◆ **Exercise objective**:
Word for word, restate the entries below, but exclude the images.

◆ **Extracted records**:
◆ ◆ ◆ ◆
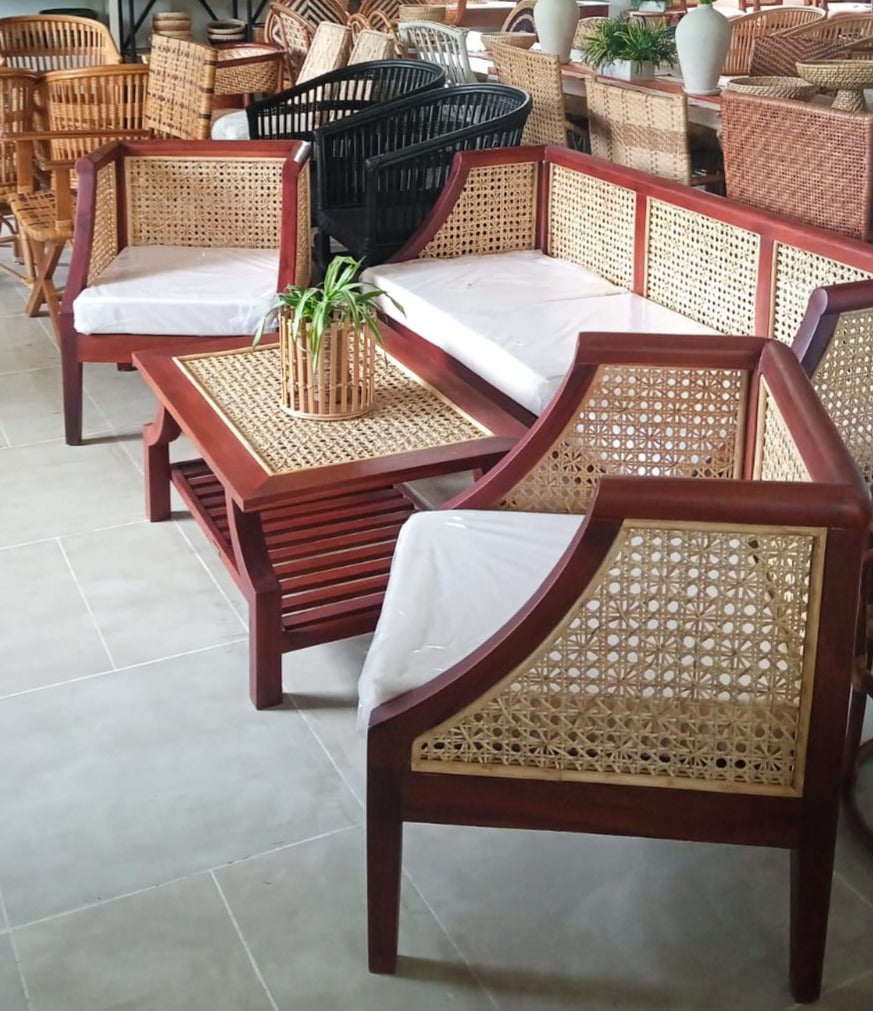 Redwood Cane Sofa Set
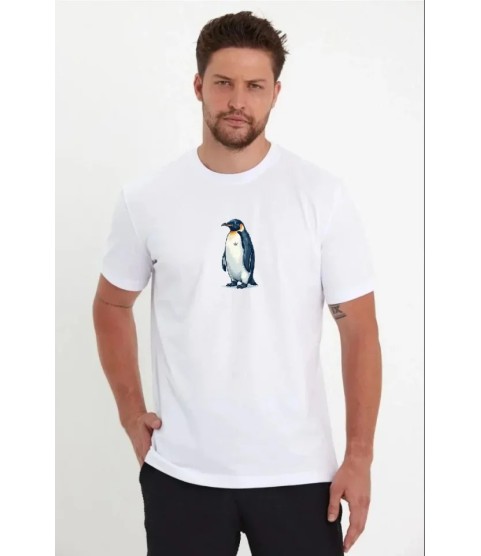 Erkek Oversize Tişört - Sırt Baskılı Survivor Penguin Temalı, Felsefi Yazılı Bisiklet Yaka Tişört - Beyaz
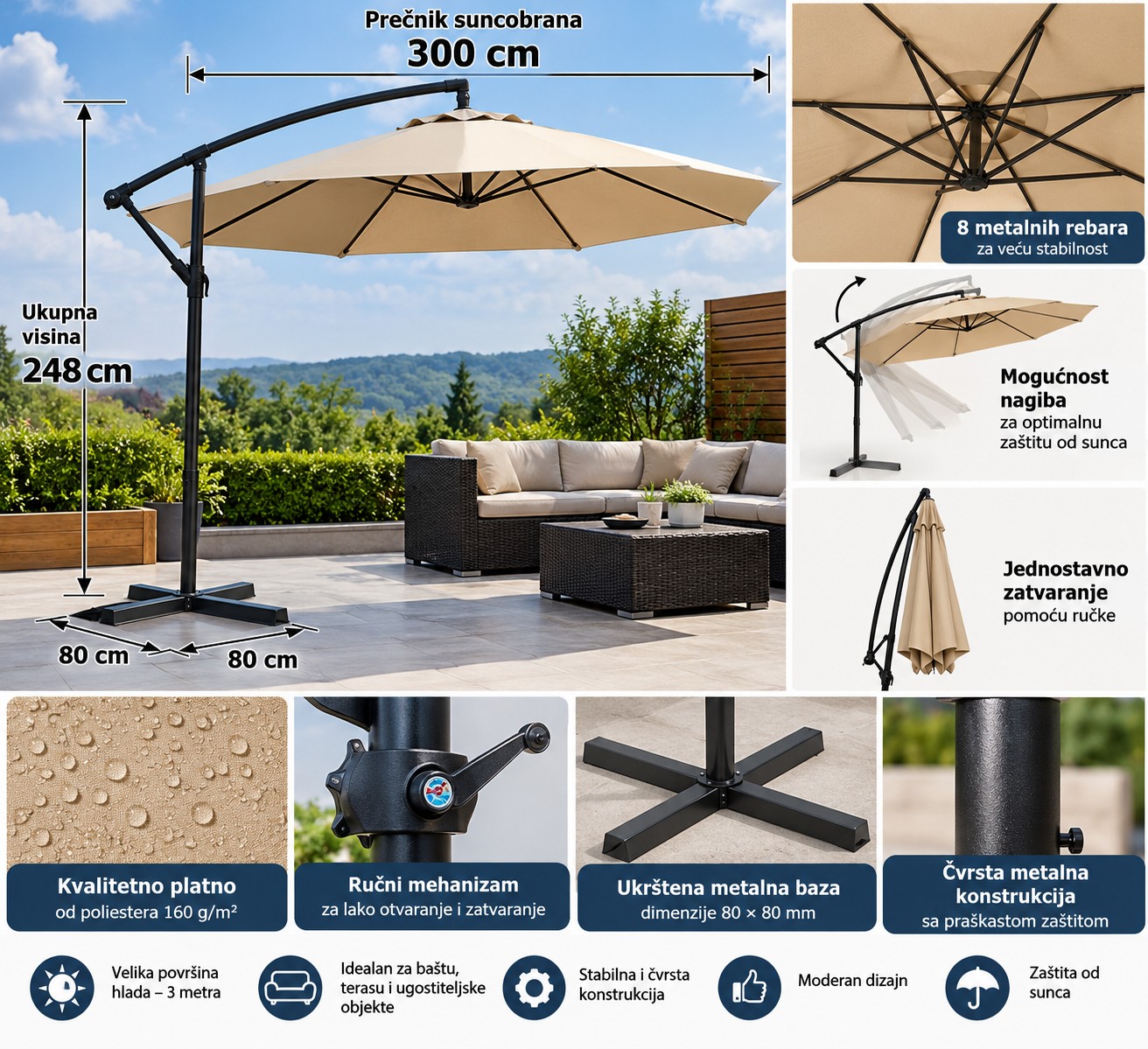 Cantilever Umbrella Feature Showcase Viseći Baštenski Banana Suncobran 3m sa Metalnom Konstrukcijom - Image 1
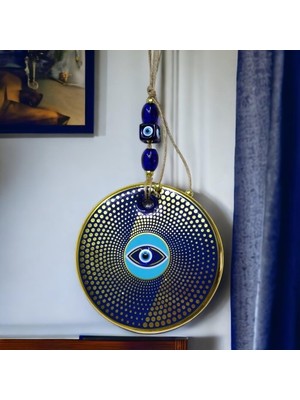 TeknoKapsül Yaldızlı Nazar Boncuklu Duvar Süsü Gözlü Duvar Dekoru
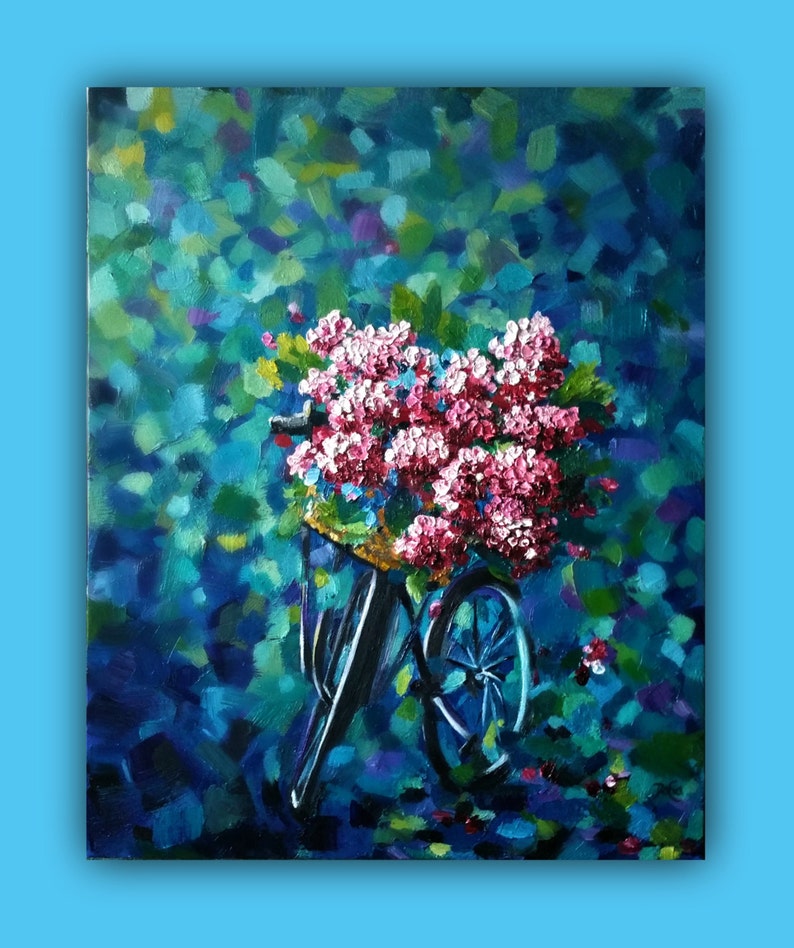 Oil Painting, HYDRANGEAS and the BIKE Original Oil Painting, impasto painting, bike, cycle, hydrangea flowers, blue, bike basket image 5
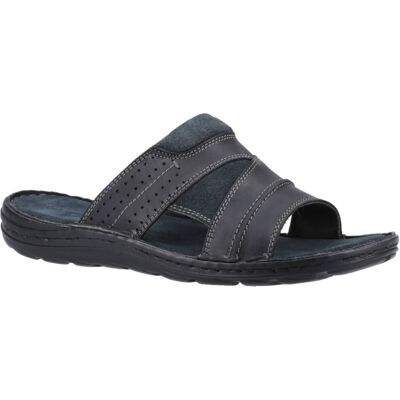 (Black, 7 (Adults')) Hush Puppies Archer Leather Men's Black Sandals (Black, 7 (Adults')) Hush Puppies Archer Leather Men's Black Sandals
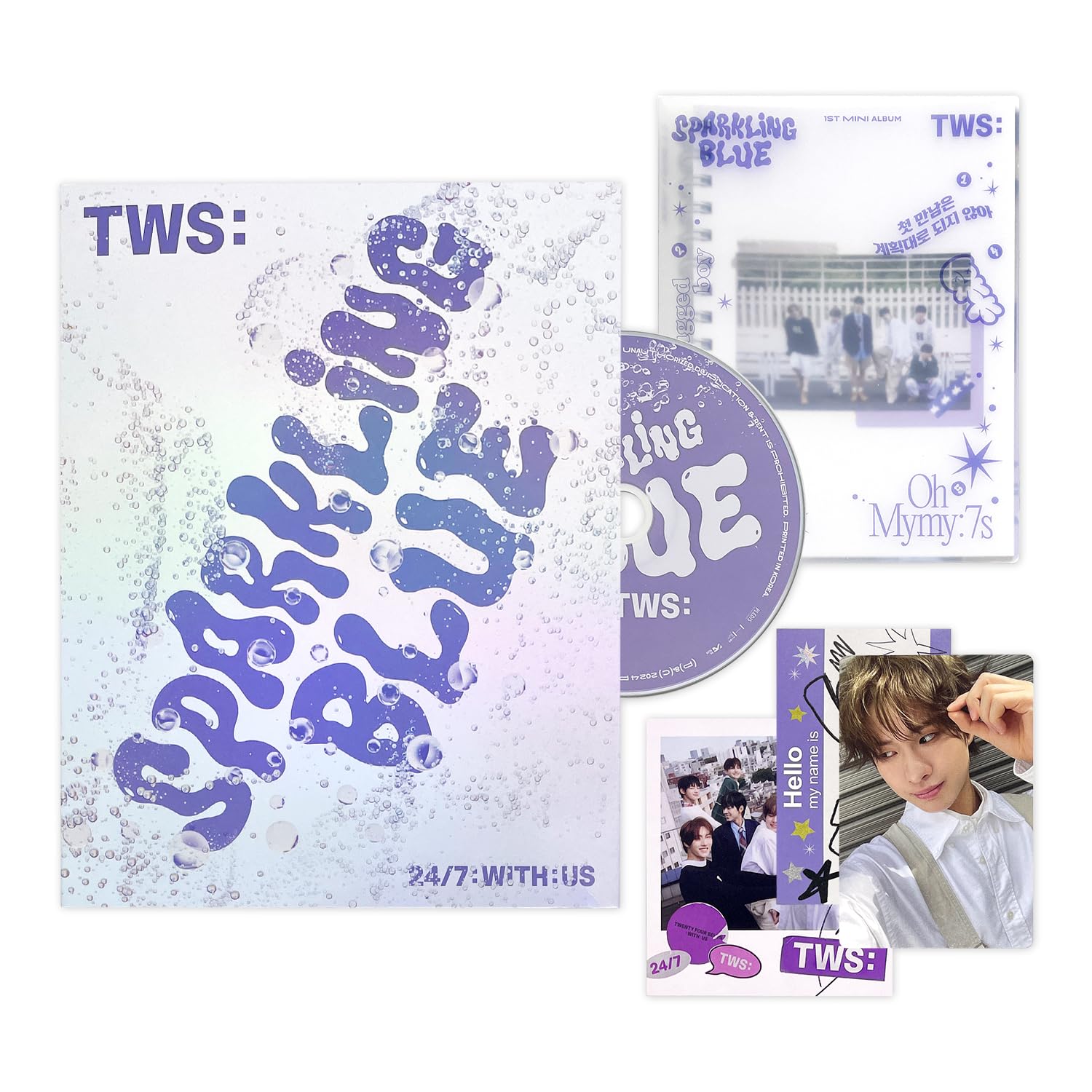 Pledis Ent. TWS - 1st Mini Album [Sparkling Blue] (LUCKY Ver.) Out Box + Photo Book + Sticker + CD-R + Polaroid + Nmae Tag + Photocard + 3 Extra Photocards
◆ ◆ ◆ ◆
◆ **Solution to this exercise**:
 Redwood Cane Sofa Set
 Erkek Oversize Tişört - Sırt Baskılı Survivor Penguin Temalı, Felsefi Yazılı Bisiklet Yaka Tişört - Beyaz
 Cantilever Umbrella Feature Showcase Viseći Baštenski Banana Suncobran 3m sa Metalnom Konstrukcijom - Image 1
 TeknoKapsül Yaldızlı Nazar Boncuklu Duvar Süsü Gözlü Duvar Dekoru
 Oil Painting, HYDRANGEAS and the BIKE Original Oil Painting, impasto painting, bike, cycle, hydrangea flowers, blue, bike basket image 5
 (Black, 7 (Adults')) Hush Puppies Archer Leather Men's Black Sandals (Black, 7 (Adults')) Hush Puppies Archer Leather Men's Black Sandals
 Pledis Ent. TWS - 1st Mini Album [Sparkling Blue] (LUCKY Ver.) Out Box + Photo Book + Sticker + CD-R + Polaroid + Nmae Tag + Photocard + 3 Extra Photocards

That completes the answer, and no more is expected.